Hiç de arzu etmediğimiz ve normal zamanda istimal etmekten haya ettiğimiz o çirkin ve galiz sözler, elbette ağzımızın birer parçası olan ve birer et parçasından ibaret olan dilimizin veya dudaklarımızın eseri olamaz.

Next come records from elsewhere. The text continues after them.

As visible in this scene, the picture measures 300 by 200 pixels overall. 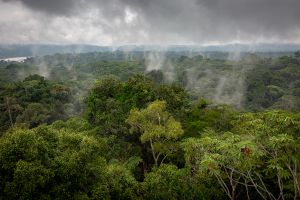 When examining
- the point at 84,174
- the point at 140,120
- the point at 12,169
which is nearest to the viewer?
the point at 12,169

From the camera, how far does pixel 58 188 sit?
12805 mm

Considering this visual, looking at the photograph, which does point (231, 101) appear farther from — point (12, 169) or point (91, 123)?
point (12, 169)

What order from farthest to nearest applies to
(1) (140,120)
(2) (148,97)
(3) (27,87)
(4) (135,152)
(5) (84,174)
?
(3) (27,87)
(2) (148,97)
(4) (135,152)
(1) (140,120)
(5) (84,174)

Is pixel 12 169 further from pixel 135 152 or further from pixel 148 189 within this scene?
pixel 135 152

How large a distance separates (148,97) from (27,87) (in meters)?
47.5

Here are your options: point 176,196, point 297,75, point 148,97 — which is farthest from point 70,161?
point 297,75

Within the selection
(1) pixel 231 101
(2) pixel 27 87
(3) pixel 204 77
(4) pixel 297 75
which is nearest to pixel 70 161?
(2) pixel 27 87

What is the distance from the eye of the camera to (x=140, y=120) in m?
23.5

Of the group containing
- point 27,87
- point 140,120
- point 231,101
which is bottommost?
point 231,101

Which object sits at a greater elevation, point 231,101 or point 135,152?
point 135,152

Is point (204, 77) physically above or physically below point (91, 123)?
below

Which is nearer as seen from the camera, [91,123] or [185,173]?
[185,173]

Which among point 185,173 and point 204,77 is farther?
point 204,77

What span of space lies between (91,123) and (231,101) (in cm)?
6836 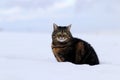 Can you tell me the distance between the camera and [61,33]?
9289mm

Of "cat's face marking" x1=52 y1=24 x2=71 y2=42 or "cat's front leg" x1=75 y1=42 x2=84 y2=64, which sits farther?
"cat's front leg" x1=75 y1=42 x2=84 y2=64

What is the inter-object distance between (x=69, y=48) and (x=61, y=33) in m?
0.43

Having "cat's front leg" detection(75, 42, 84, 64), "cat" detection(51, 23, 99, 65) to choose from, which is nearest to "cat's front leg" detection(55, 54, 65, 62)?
"cat" detection(51, 23, 99, 65)

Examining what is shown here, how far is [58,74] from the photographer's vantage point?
7414 mm

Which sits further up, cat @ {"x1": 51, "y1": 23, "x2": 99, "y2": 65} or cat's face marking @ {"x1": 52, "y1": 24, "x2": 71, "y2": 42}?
cat's face marking @ {"x1": 52, "y1": 24, "x2": 71, "y2": 42}

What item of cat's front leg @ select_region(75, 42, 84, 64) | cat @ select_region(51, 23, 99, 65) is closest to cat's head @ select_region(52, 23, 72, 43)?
cat @ select_region(51, 23, 99, 65)

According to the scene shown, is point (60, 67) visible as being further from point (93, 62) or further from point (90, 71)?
point (93, 62)

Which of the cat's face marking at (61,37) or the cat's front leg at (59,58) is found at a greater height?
the cat's face marking at (61,37)

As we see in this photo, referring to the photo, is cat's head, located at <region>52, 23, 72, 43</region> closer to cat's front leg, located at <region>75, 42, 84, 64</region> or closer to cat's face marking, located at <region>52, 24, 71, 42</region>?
cat's face marking, located at <region>52, 24, 71, 42</region>

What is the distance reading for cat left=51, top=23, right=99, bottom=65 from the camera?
30.7 ft

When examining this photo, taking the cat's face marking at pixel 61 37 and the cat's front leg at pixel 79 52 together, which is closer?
the cat's face marking at pixel 61 37

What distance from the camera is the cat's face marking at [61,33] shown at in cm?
930

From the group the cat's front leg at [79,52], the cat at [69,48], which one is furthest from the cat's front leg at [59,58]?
the cat's front leg at [79,52]

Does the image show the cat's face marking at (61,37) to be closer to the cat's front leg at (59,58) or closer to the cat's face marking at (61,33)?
the cat's face marking at (61,33) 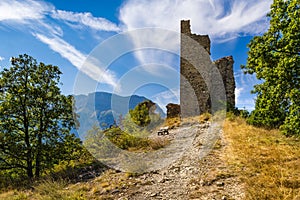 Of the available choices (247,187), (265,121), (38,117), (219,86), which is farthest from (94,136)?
(219,86)

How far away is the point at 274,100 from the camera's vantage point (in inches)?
345

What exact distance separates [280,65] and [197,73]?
13766 millimetres

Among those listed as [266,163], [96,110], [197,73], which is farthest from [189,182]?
[197,73]

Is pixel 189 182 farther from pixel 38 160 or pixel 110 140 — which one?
pixel 38 160

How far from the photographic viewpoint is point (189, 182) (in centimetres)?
539

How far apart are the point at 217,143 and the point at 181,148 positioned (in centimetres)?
143

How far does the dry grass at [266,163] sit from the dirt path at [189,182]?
283 millimetres

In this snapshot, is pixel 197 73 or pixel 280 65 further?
pixel 197 73

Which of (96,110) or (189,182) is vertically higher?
(96,110)

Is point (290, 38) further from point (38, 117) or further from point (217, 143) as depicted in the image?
point (38, 117)

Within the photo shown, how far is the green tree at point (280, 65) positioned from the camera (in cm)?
782

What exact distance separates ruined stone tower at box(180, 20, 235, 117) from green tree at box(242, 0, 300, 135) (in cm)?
1051

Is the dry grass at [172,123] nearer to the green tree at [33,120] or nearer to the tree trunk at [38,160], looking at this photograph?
the green tree at [33,120]

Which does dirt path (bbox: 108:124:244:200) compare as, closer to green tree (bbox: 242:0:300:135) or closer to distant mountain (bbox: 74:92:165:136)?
green tree (bbox: 242:0:300:135) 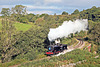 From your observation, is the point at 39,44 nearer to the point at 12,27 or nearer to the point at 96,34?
the point at 12,27

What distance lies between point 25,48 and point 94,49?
78.4 ft

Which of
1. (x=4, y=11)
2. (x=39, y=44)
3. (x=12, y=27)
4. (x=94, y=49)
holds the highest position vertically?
(x=4, y=11)

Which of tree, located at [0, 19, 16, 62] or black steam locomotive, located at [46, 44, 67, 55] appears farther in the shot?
tree, located at [0, 19, 16, 62]

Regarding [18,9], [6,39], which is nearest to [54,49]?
[6,39]

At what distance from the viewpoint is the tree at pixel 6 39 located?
3203 centimetres

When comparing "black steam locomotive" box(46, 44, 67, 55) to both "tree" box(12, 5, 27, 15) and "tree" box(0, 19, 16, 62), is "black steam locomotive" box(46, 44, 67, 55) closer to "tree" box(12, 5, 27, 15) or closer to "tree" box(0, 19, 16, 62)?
"tree" box(0, 19, 16, 62)

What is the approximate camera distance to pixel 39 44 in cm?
4047

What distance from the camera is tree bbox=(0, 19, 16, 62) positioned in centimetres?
3203

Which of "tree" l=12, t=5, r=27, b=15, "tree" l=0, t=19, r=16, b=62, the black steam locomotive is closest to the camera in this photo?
the black steam locomotive

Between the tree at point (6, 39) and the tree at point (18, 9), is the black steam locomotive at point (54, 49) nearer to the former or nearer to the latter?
the tree at point (6, 39)

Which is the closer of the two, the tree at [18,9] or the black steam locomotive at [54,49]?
the black steam locomotive at [54,49]

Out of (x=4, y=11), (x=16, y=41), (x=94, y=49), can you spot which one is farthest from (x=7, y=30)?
(x=4, y=11)

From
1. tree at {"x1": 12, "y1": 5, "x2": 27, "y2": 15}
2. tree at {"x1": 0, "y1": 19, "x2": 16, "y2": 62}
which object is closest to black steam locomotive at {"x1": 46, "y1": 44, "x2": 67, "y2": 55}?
tree at {"x1": 0, "y1": 19, "x2": 16, "y2": 62}

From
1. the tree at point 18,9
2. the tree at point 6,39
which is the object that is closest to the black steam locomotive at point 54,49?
the tree at point 6,39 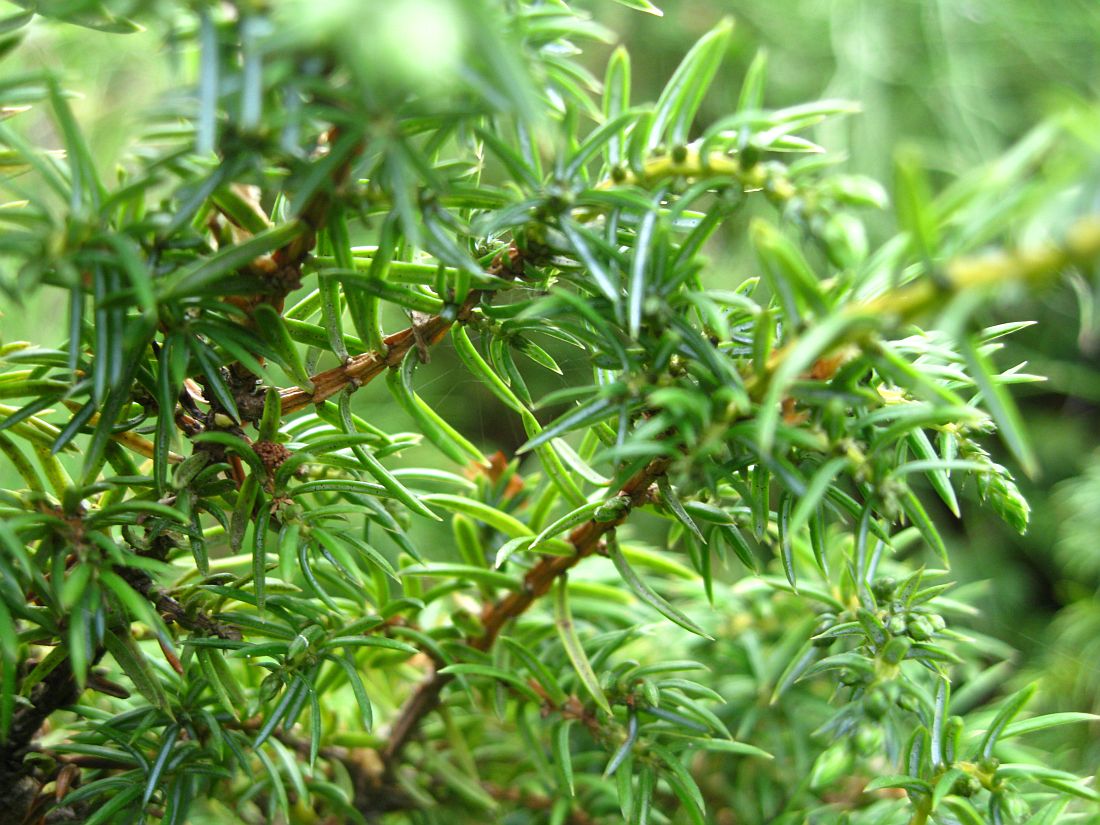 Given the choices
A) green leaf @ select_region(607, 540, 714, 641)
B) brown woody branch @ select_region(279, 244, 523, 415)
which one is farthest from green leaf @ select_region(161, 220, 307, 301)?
green leaf @ select_region(607, 540, 714, 641)

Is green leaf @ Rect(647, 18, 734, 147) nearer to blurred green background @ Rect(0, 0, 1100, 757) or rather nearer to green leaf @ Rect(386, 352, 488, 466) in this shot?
green leaf @ Rect(386, 352, 488, 466)

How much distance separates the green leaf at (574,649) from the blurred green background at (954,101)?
22.5 inches

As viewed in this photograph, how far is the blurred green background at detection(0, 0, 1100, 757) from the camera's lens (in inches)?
41.2

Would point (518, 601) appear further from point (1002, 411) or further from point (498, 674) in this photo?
point (1002, 411)

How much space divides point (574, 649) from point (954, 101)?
1.08m

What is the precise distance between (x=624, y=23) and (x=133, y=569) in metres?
1.28

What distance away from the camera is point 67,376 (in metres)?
0.29

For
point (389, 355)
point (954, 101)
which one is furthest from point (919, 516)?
point (954, 101)

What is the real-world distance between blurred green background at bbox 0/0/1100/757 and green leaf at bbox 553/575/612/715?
57cm

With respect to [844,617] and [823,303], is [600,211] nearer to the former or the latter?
[823,303]

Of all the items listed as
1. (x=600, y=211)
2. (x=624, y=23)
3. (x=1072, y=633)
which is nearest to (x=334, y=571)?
(x=600, y=211)

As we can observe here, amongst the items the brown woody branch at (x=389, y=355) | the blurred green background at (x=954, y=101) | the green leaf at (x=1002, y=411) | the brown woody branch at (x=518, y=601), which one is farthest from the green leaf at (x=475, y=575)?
the blurred green background at (x=954, y=101)

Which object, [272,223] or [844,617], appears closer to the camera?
[272,223]

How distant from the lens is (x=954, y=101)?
3.81 feet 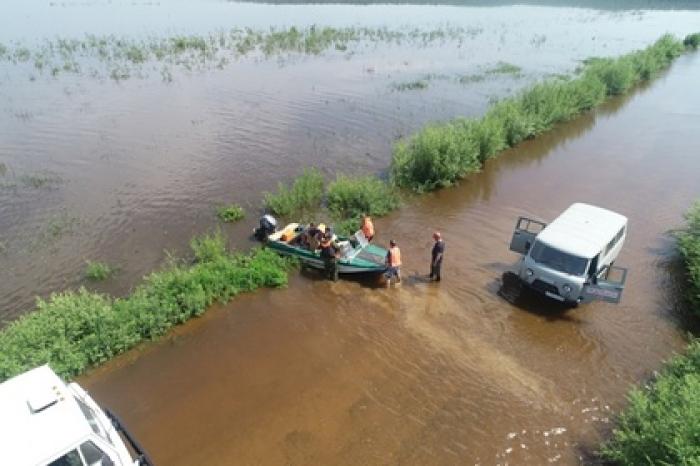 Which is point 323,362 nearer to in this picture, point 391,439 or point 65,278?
point 391,439

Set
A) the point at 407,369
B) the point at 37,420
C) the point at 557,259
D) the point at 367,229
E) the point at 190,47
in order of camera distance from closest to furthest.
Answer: the point at 37,420
the point at 407,369
the point at 557,259
the point at 367,229
the point at 190,47

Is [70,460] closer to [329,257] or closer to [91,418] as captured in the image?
[91,418]

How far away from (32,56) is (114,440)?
42.7 meters

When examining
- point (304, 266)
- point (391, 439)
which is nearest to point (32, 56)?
point (304, 266)

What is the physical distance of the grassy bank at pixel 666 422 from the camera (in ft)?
24.7

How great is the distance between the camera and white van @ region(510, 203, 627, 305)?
12.5 metres

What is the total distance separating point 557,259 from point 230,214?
11482 mm

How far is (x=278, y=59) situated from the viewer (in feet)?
133

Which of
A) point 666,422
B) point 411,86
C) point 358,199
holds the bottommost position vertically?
point 358,199

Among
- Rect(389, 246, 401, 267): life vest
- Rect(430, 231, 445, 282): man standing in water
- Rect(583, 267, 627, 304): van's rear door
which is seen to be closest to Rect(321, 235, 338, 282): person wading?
Rect(389, 246, 401, 267): life vest

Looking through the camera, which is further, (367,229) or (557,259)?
(367,229)

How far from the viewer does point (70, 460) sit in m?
6.39

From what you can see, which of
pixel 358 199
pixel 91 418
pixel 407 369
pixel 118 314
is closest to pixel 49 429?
pixel 91 418

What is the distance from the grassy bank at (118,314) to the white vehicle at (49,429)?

O hoş olmayan sözler, o sonucu pişmanlık ve nedamet olan çirkin ifadeler, çoğu zaman bir öfke, bir moral bozukluğu veya bir sıkıntı hâlinin sonucu ve tezahürü olsa gerek.
Bilerek veya bilmeyerek kullanılan ve sonucu dünya ve ahiret hayatı için hiç de iyi olmayan durumlara giriftar eden bu haller, her ehl-i din için büyük tehlikeler arz ediyor.
Bu nevî söz ve kelimelerin istimaline dikkat edilmediği takdirde, manevî hayatımızı dahi tehlikeye sokacak neticeler doğabiliyor çoğu zaman. İnanç ve itikadımızın lekedar olmasına dahi sebebiyet verebiliyor bu gibi düşünmeden söylenen sözler.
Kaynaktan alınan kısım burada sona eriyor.